___ DATA BELOW ___

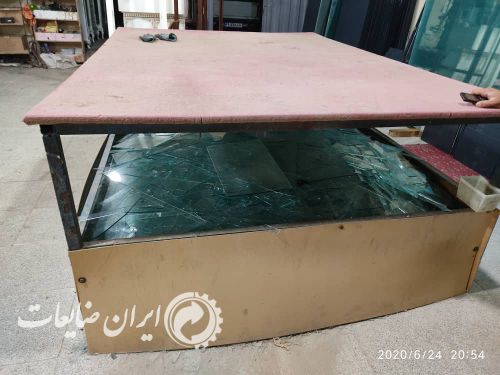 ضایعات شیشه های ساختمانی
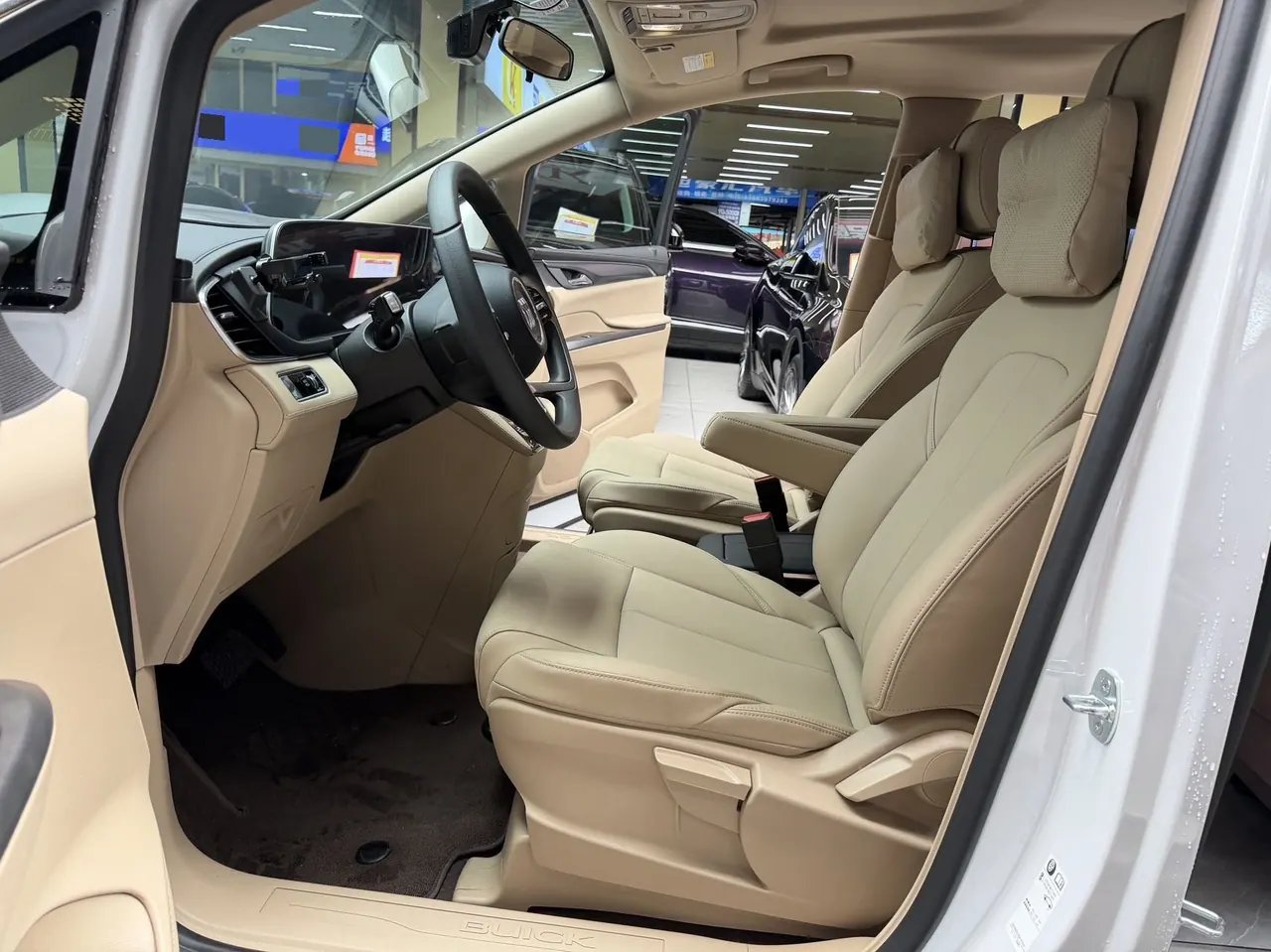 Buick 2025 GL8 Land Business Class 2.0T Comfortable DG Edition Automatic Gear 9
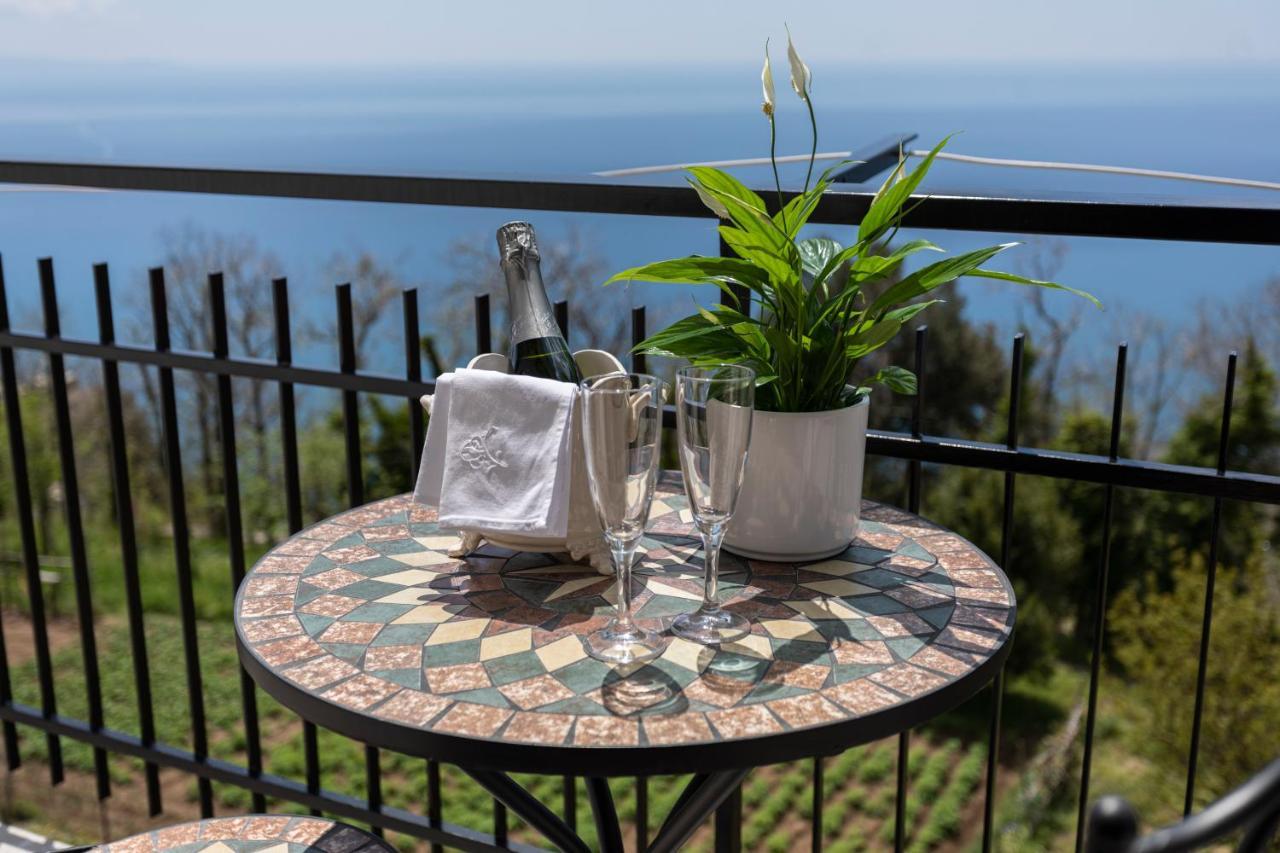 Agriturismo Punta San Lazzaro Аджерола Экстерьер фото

___

ACTIVITY:
If the listing above includes images, copy every line of it exactly except those images.

ANSWER:
 ضایعات شیشه های ساختمانی
 Buick 2025 GL8 Land Business Class 2.0T Comfortable DG Edition Automatic Gear 9
 Agriturismo Punta San Lazzaro Аджерола Экстерьер фото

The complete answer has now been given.